Thrice thwarted, the union of the spyglass gathered to deliberate where there was no sign of fog.


Again the union cast their gaze into the sky, spying on the gods, searching for some way to let the gods know that they meant no dishonor in the building of their ladder.  Perhaps there was a sympathetic god who could intervene on their behalf with the god who had destroyed their ladder.  They had added another lens to the spyglass and could see farther into the gates of the city.

That was how they again saw something they did not expect to see.  There were entire buildings in the city made of glittering gold, and tapestries made of silk drifting in fanciful breezes, and marble columns encrusted with precious stones and gems of every hue.  The gazers recognized the very treasures that their people had lost through war and strife.  How the treasures came to lie in the abode of the gods was curious to some.

But to others the true image of the gods was coming into clear focus as they gazed through the spyglass. 

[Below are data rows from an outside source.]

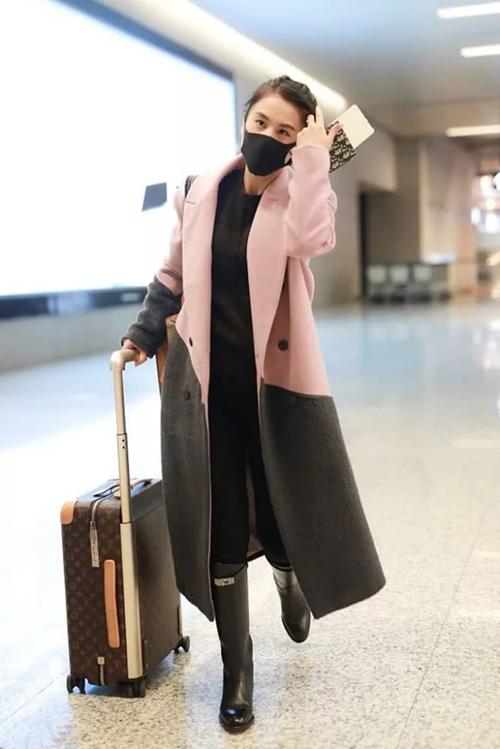 黄圣依那么有钱为何还带货,黄圣依有多壕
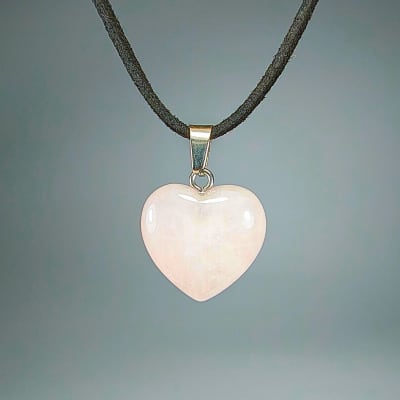 Colgante Corazón Pulido De Cuarzo Rosa Claro Y Fantasía Plateada de 18 mm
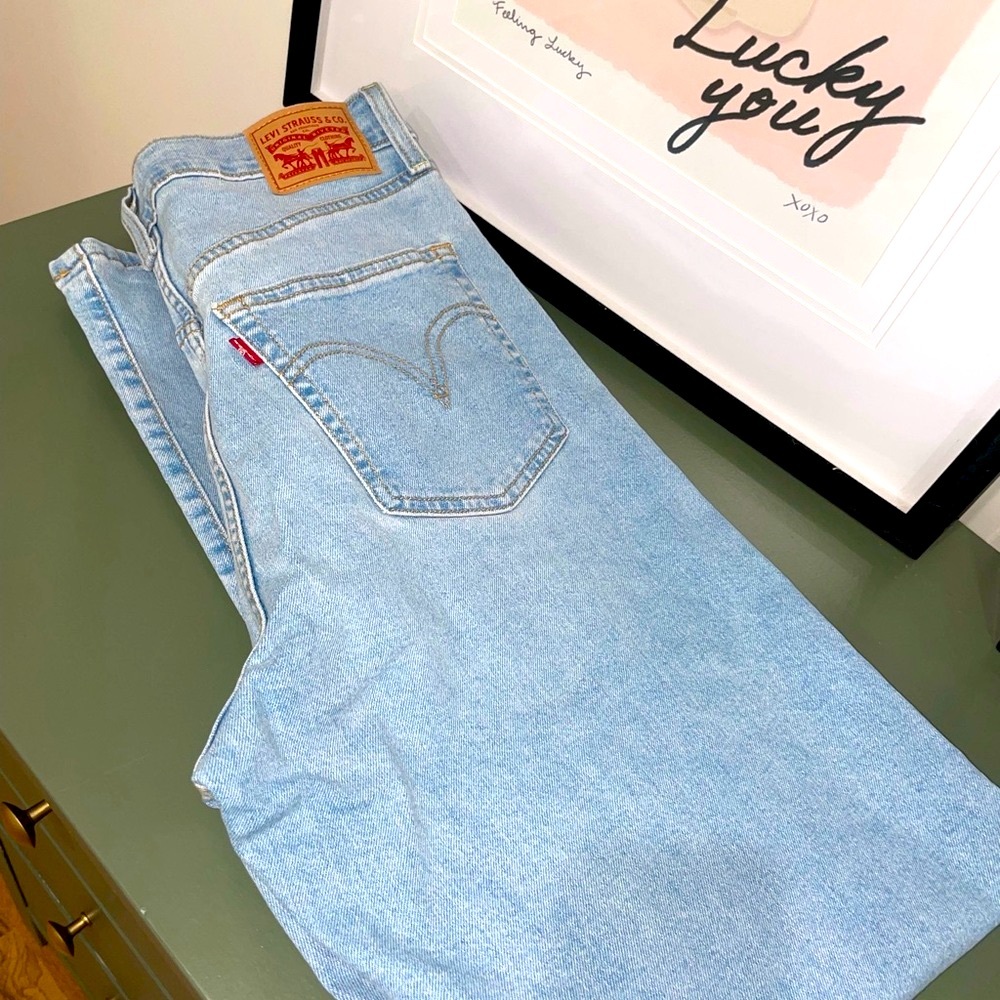 Levi's Ribcage Straight Light Blue Jeans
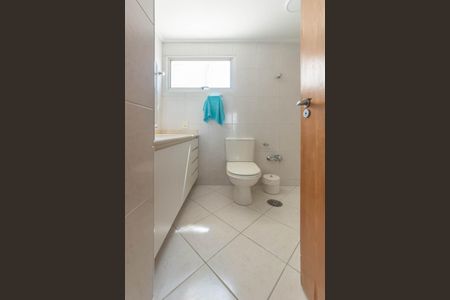 Apartamento à venda com 107m², 3 quartos e 2 vagasBanheiro da Suíte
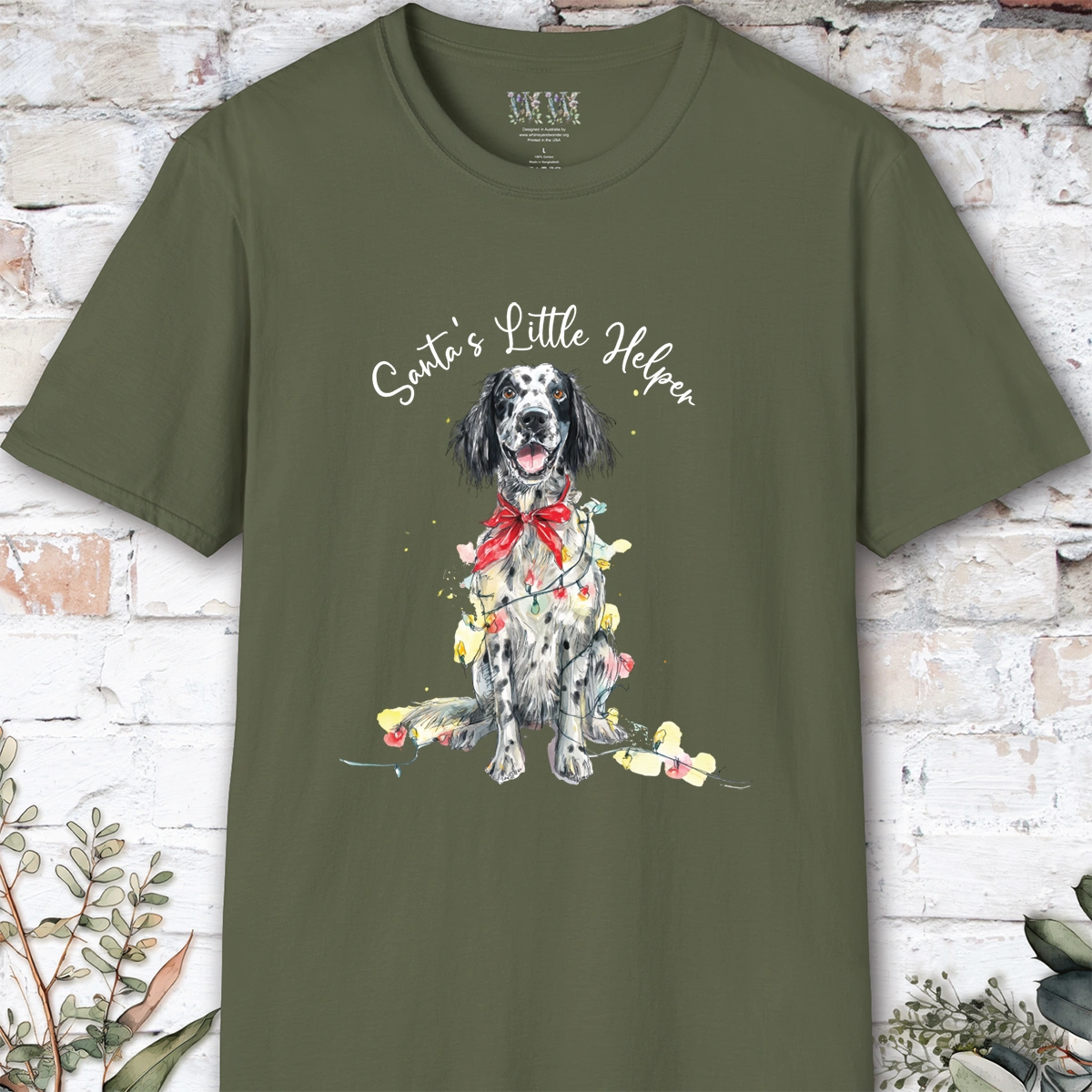 English Setter #3 Santa's little helper. unisex T shirt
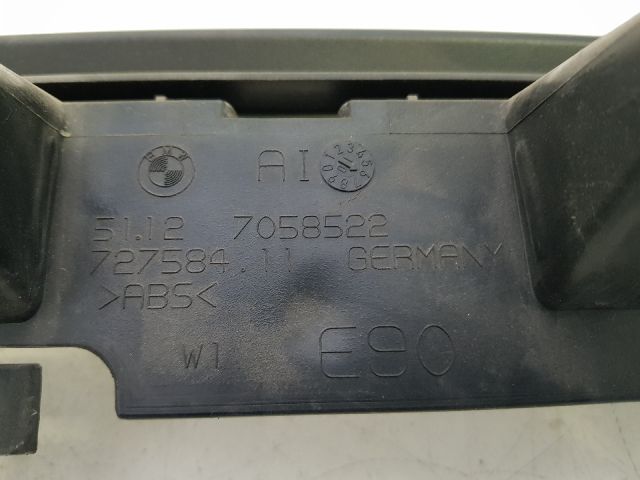 bontott BMW 3 E90 Hátsó középső Lökhárító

And the image was not a pretty one.

More of the gods, it seemed, were also watching the union of humans.  The gods too had witnessed an unexpected sight.  For the mortal beings with fleeting lives were more ingenious and determined and capable than they had expected.  The mortals would not succeed, of course, in reaching the haven of the gods.  Nevertheless, the gods were now sufficiently motivated to watch the humans, and ensure they did not make any trouble for the gods.

But so too were many gods intrigued by the condition of being watched.  To the dismay of the god in the gray robes, his fellows began to mount great displays, flaunting their powers, dancing about in their finest attire, glowing with eternal youth and health.  And unwittingly showing the humans of the mortal earthly realm, all that they possessed.

The humans saw much to envy and much to fear.  But they also noticed something they had not known before.  There were limits to the powers of the gods.  Their displays only lasted for a certain while and they would stop to replenish themselves with the plentiful food from feasting tables arrayed throughout the city.  These tables were always full of food, the offerings given to the gods at their earthbound temples.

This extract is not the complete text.